Over the years, Barbadians have adopted many games as their own. These include rounders, pitching marbles, hopscotch, and warri. However, how many of the games currently played across the island have actually originated in Barbados? The answer is: not very many. In this article, we will feature look at those popular games with origins in Barbados.
This was invented in Barbados in the 1930s. Road tennis is very similar to regular tennis, but played on a smaller court, usually marked on the road, and with smaller rackets (the rackets are wooden paddles, slightly larger than a table tennis racket). This game is also referred to as a cross or blend between table and lawn tennis. It is played with a tennis ball, with its fur and the net (as displayed in the image) is a long piece of wood. Road tennis has been recognized as a national sport since 1976, ad has its own association: The Barbados Road Tennis Association, who arrange many competitions throughout the year.
As the name implies, the objective of this game is to “cork” a player. An individual throws a softball ball high in the air (or “skies” it as the Bajans would say) and then as it falls, everyone scrambles to retrieve it. The person who retrieves the ball must then attempt to cork a person with it, that is, they try to strike the person who is the easiest target. This game may sound dangerous, but there is always a verbal agreement that one should take care not to cork someone in a sensitive area of the body.
The following game was not invented in Barbados, but rather has its roots in Africa. However it has a very popular adaptation known as:
Bajan Stick Licking
This is an adaptation of Stick Fighting, a martial art with roots in Africa. This was brought to Barbados when the African slaves were imported to the island.
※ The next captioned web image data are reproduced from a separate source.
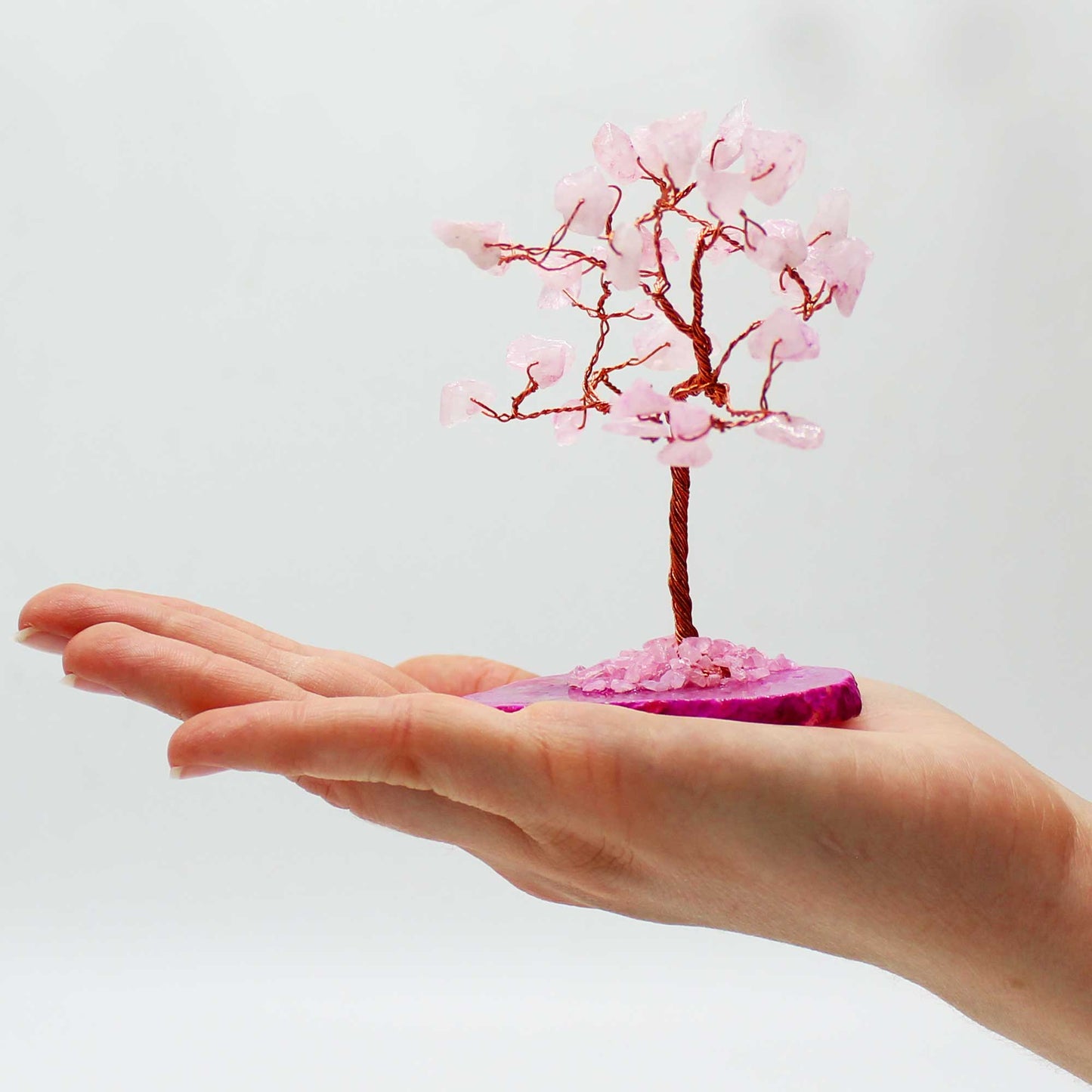 Edelsteinbaum: Rosenquarz auf rosa Achatbasis (35 Steine)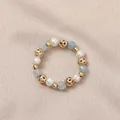 Elegant natural freshwater pearl and blue crystal bead elastic ring for women - Freshwater Pearl (Aquamarine)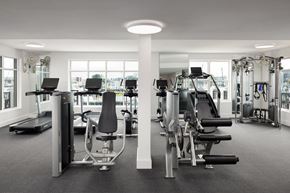 Norfolk apartment for rent - A gym with a variety of equipment including treadmills, weights, and exercise machines at The Port at East Beach Apartments and Marina in Virginia, 23518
When practiced in Barbados, stick licking involved a straight, fire hardened stick made from hardwood from trees such as the guava tree. Stick licking contests in Barbados are called seitus and were held on weekends and Bank Holidays in the island.
While many of the games played in Barbados may not have originated on the island, it is examples such as Stick Licking that show that Bajans have their own unique way of adapting popular games to their own styles based on their culture. Examples such as road tennis however, and its growing popularity and recognition across the island, exemplify how talented Barbadians are at creating their own inventions.